“Toward a Thriving Human Culture”
A review of
A Landscape Manifesto
by Diana Balmori.
Reviewed by Brent Aldrich.
A Landscape Manifesto
Diana Balmori.
Hardback: Yale UP, 2010.
Buy now: [ Amazon ]
Ecological sustainability needs cities. Not only that, it needs dense, well-designed, diversified cities where human intentionality can place itself within the functionality of the larger climate, watershed and ecosystem.
For many of us, this will require a fundamental paradigm shift about where and how we locate nature – and cities. First of all, human culture must enter the realm of ecology, keeping an eye toward the health of air, water, soils. Diana Balmori’s A Landscape Manifesto moves us in this direction in significant ways, locating cities (human culture) in nature, shifting representations of land to more accurately represent a new ecological conscience, and revisiting old landscape forms, equipping them with new functions. While all of this might sound like too huge of a task to find a place to begin, that is not the case, as Balmori introduces all of these basic ideas first through the lens of The Lawn.

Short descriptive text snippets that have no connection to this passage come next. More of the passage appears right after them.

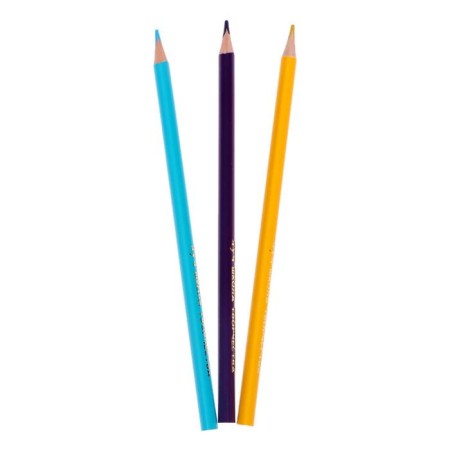 Color pencils 24 colors "School of Creativity", three -sided-3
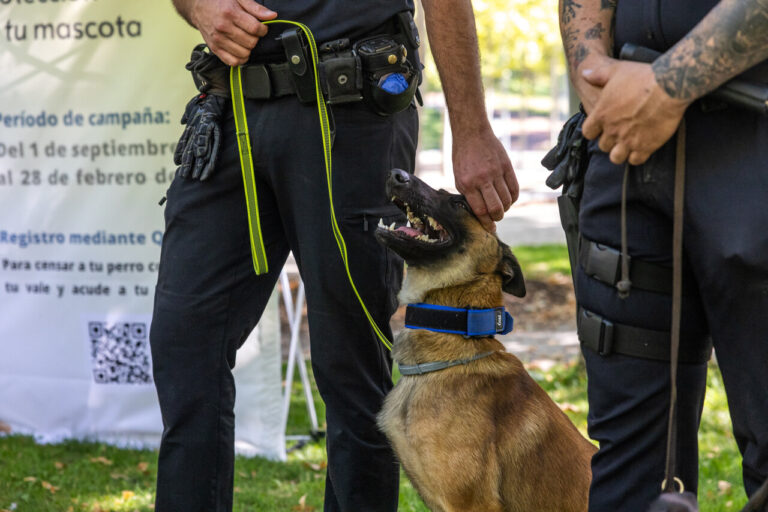 ADN Canino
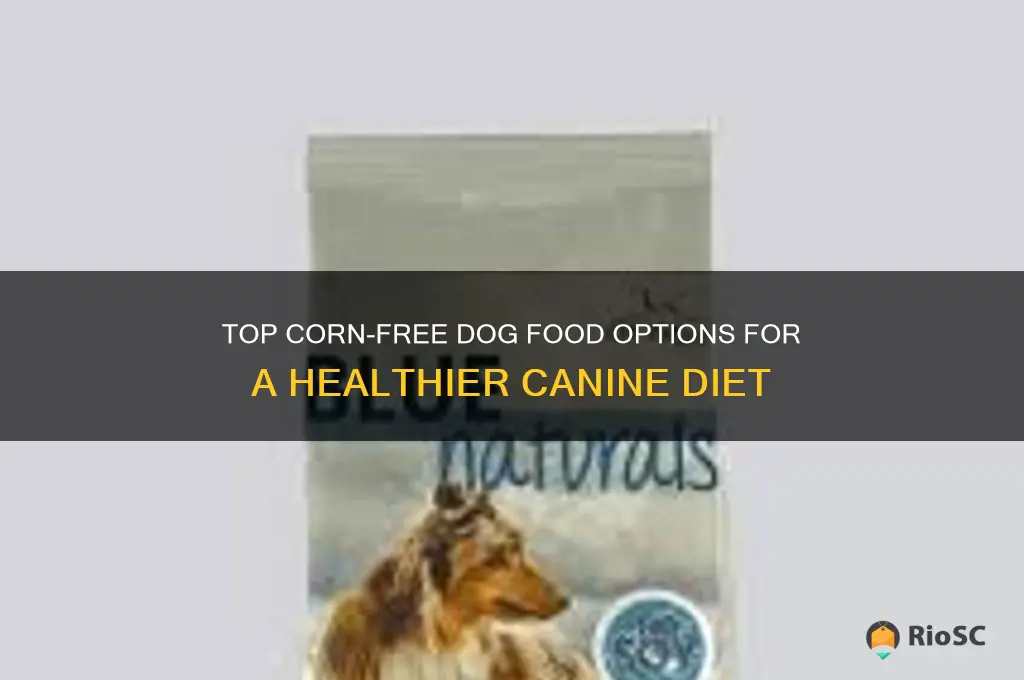 best corn free dog food
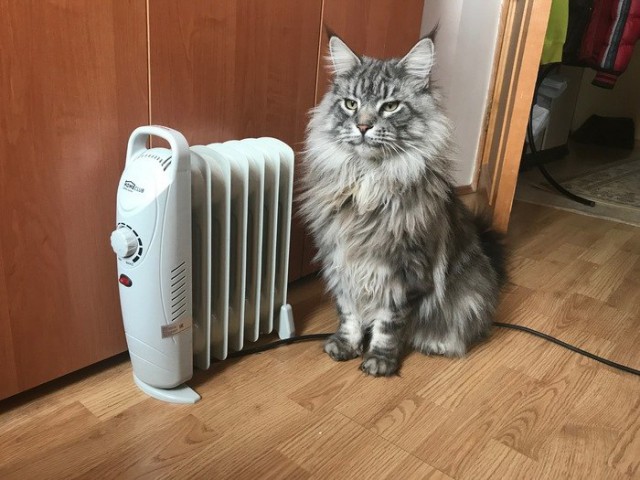 Прикольных котов пост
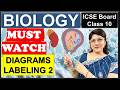 DIAGRAM BASED SURE SHOT QUESTIONS PART 2 | BIOLOGY BOARD EXAMS | ICSE CLASS 10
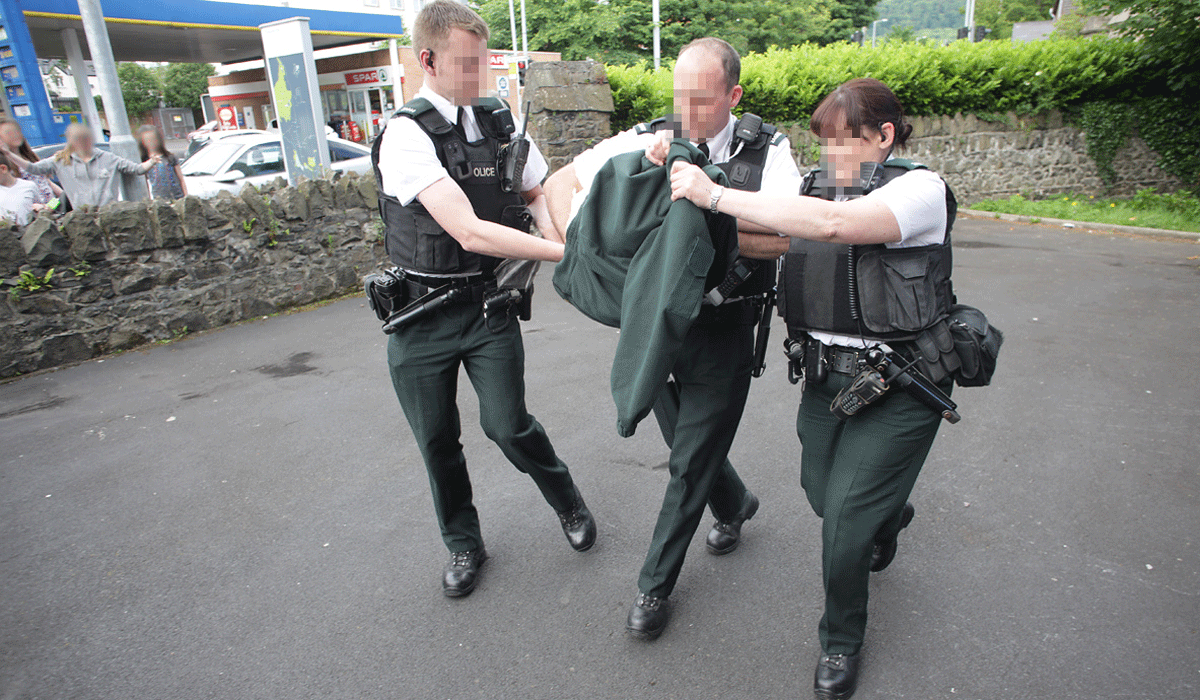 Swan Blocking Traffic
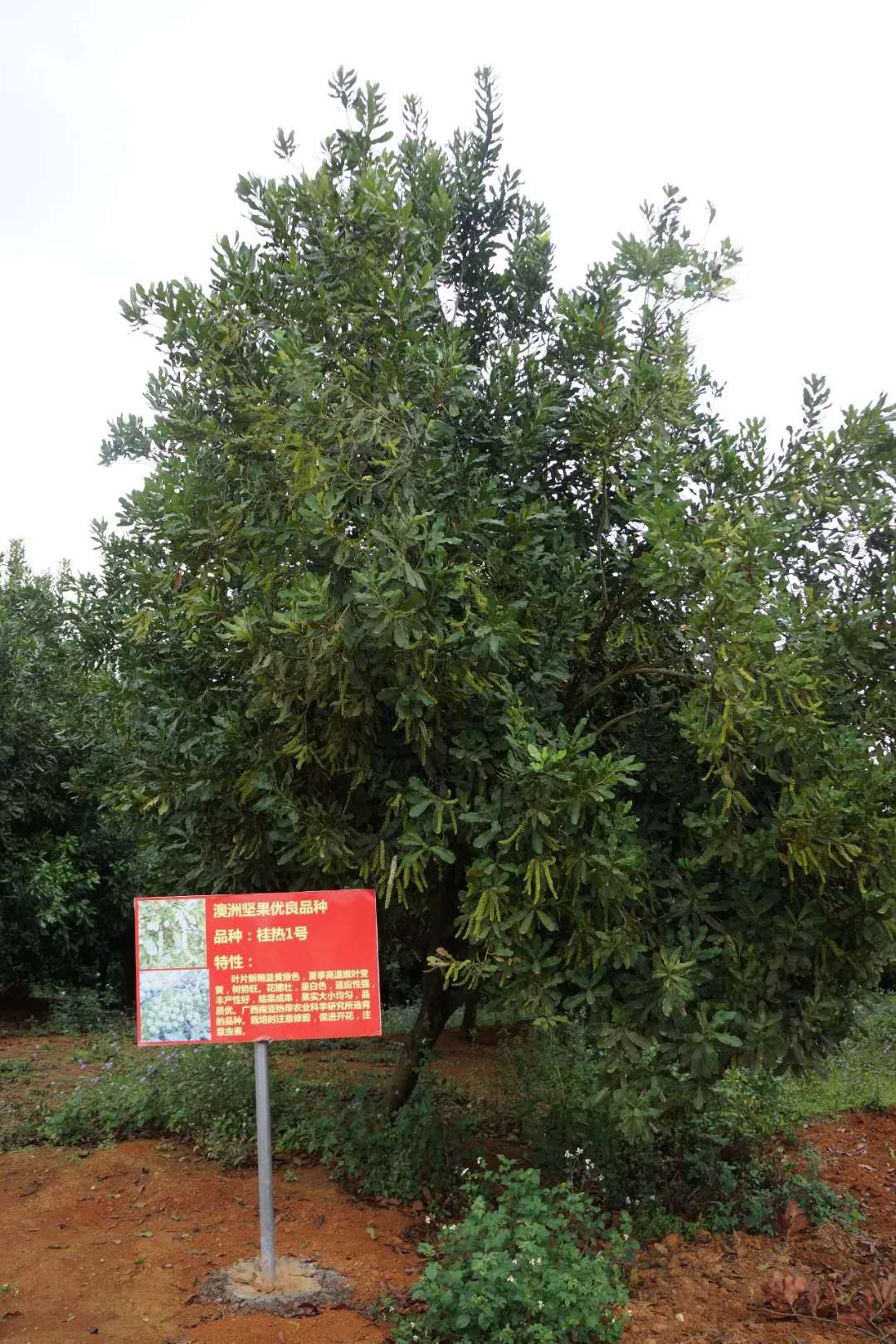 江西澳洲坚果树种植基地批发
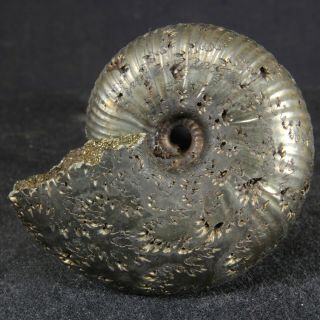 4.  6cm/1.  8in 25g Pyritized Ammonite Funiferites Jurassic Callovian Russian Fossil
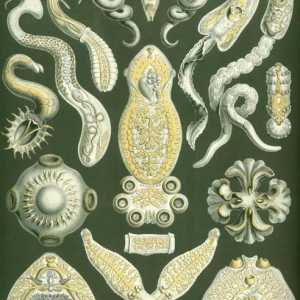 Видове червеи: описание, структура, ролята им в природата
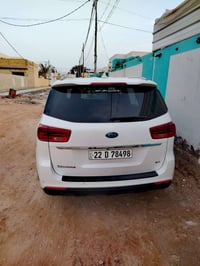 كرنفال • ٢٠٢٠ • وارد كندي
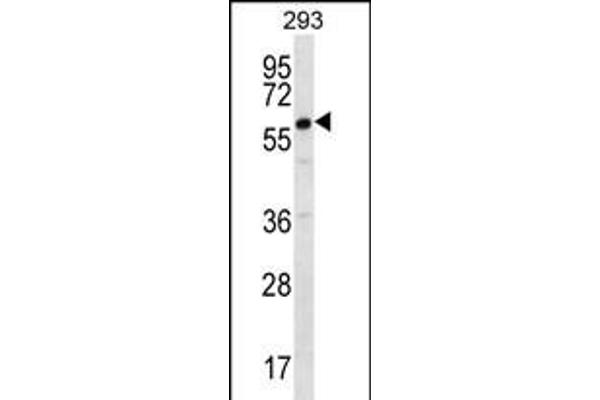 DAZ2 Antikörper  (C-Term)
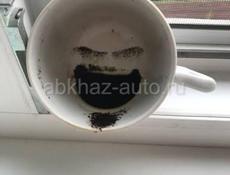 Прецказиваю будушие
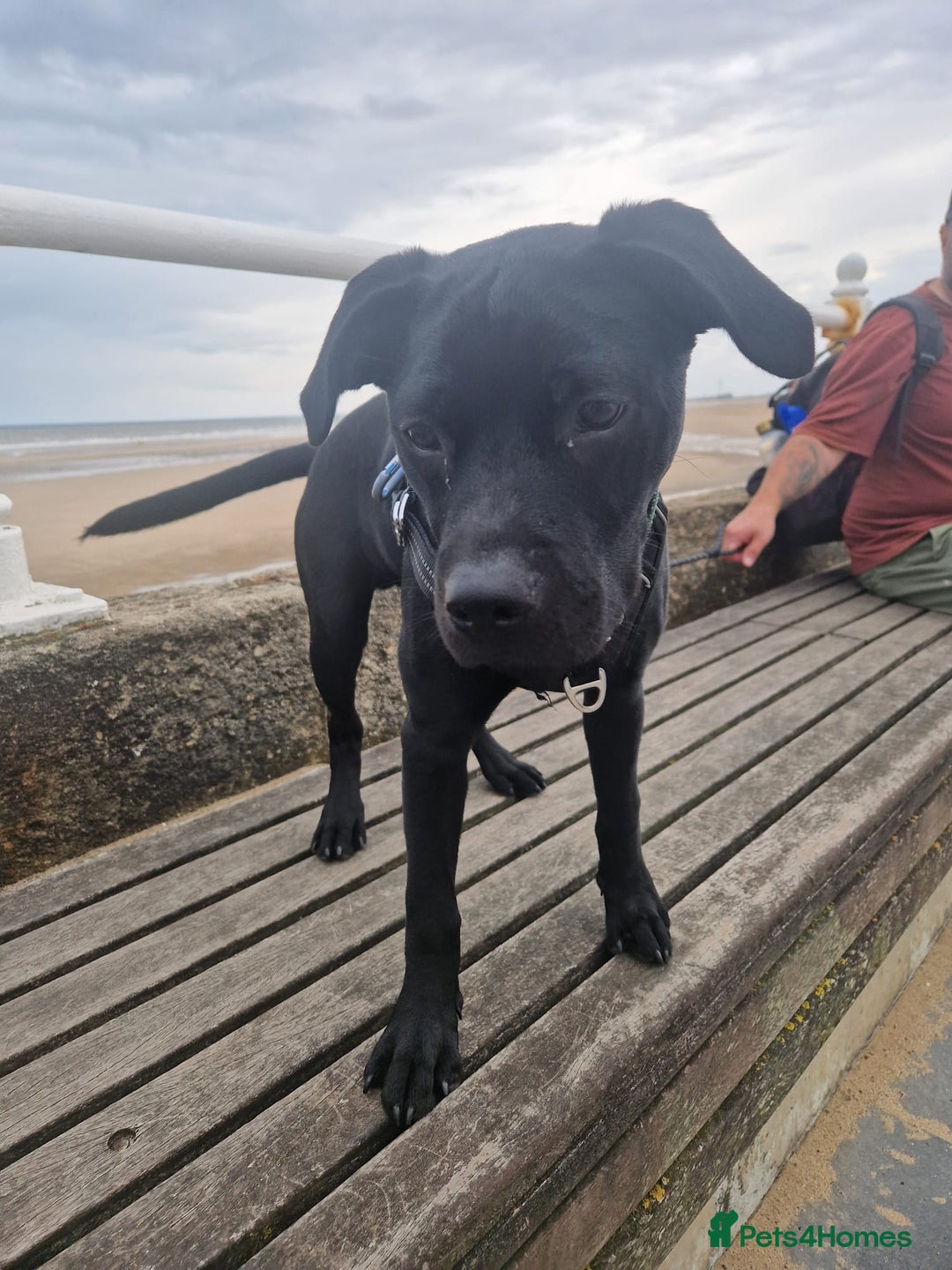 Mixed Breed dogs for sale: 9 month old Labrador cross - Image 1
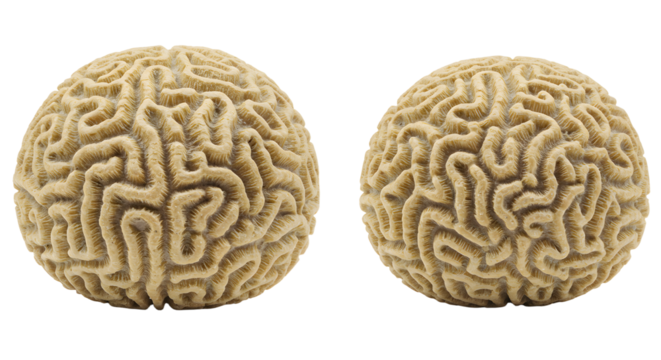 Close-up view of two brain corals isolated on white background, detailed marine life texture perfect for ocean and underwater themes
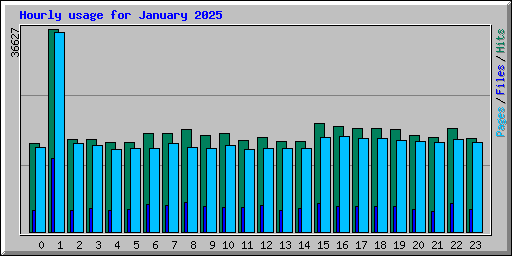 Hourly usage for January 2025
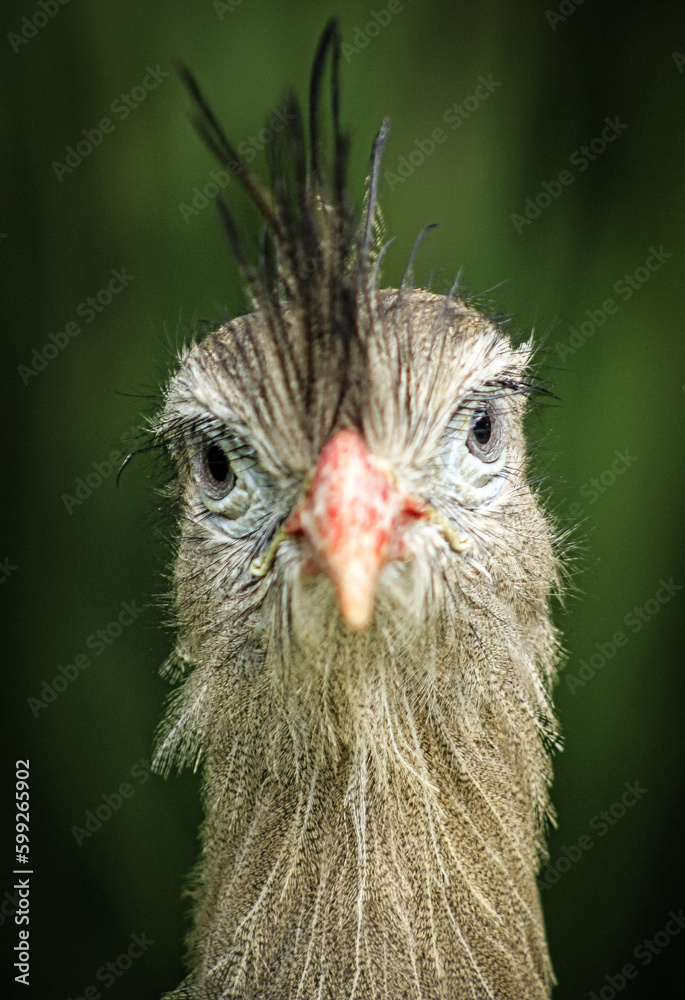 Fototapeta premium close up of a bird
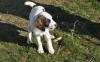 Loupie sucht ein passendes Zuhause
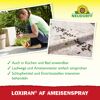 Loxiran AF Ameisenspray 750 ml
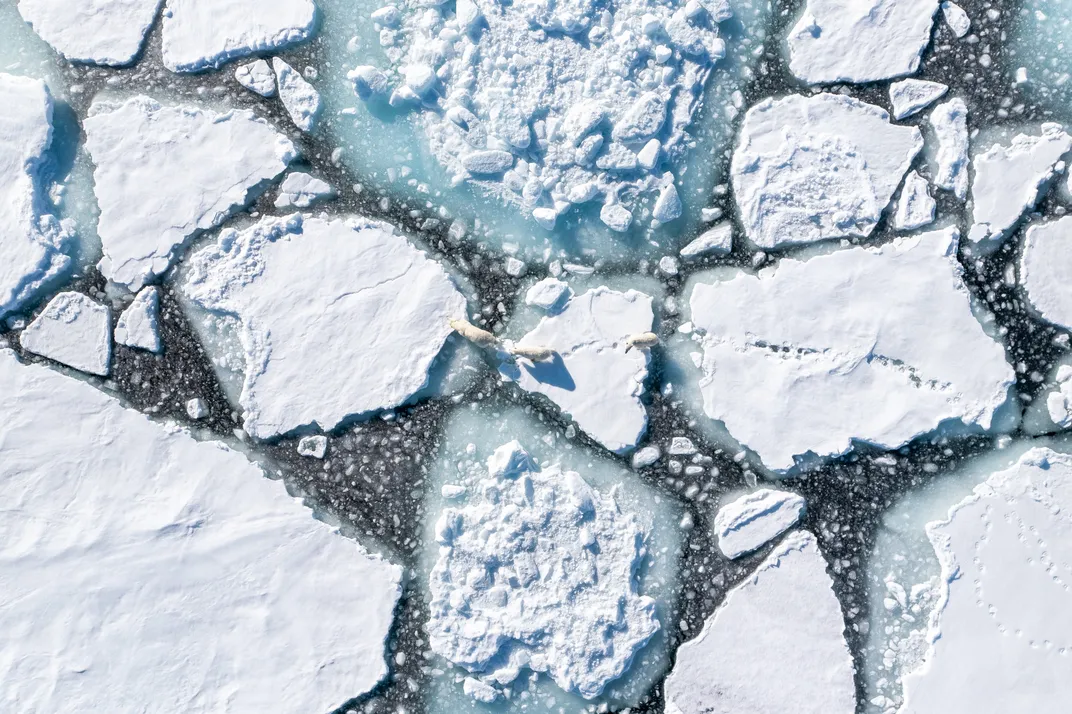 A mother polar bear and her cubs leave paw prints in the show as they travel across bergy bits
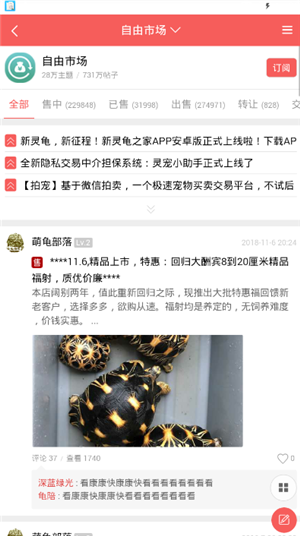 灵龟之家(2)
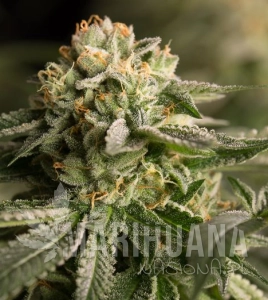 Remo Chemo - DINAFEM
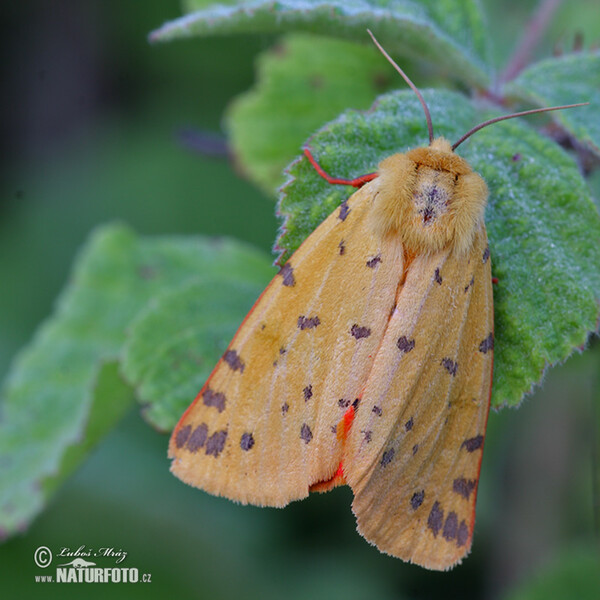 Přástevník angreštový (Rhyparia purpurata)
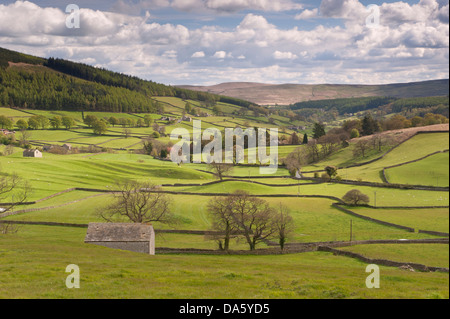 Unter dramatischen blauer Himmel, malerischen Blick auf Wharfedale (isolierten Scheunen & grünen Weide in sonnendurchfluteten Tal) - Yorkshire Dales, England, Großbritannien Stockfoto
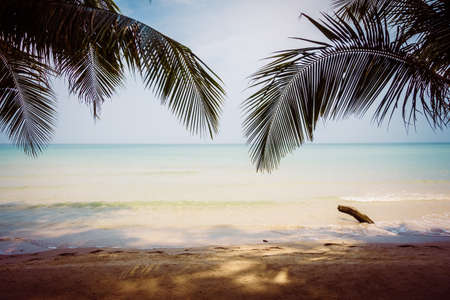 Beautiful tropical ocean or sea and sand beach on island with silhouette coconut palm tree and blue sky - Vintage Filterの写真素材
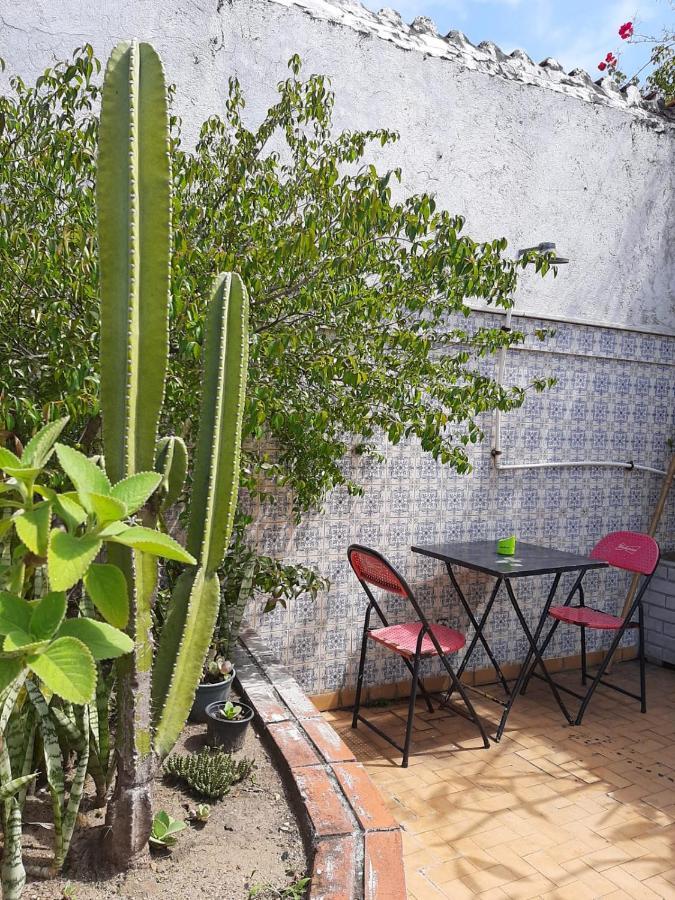 ريو دي جانيرو Arpoador Gallery Hostel المظهر الخارجي الصورة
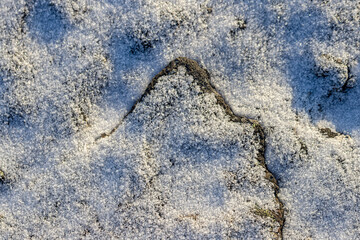 Wall Mural - Beautiful winter background with snowy ground. Natural snow texture.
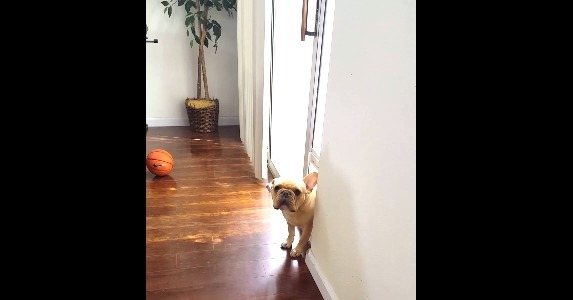 【動画】ワンコに「このペン噛んだ？」と聞いてみたら……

In an earlier book, Redesigning the American Lawn, Balmori writes (along with her co-authors), “Understanding the dynamics of lawn ecology may bring to a human scale the meaning of ecological sustainability.” She picks up this theme in A Landscape Manifesto, reviewing characteristics of the old model, the Industrial Lawn: in the US, it covers 31 million acres, “the nation’s largest single crop;” it is dependent on fossil energy, water, and chemicals to survive; “yard waste is the second-largest component of the waste stream.” The familiarity of practices of maintaining a lawn situate it on a scale in which action is possible; in Redesigning the American Lawn, the authors introduce the Freedom Lawn, which keeps much of the lawn form, but introduces species diversity, composting in-place, using available water and solar resources; yet another approach is exemplified in Fritz Haeg’s Edible Estates project, replacing front lawns completely with edible landscapes.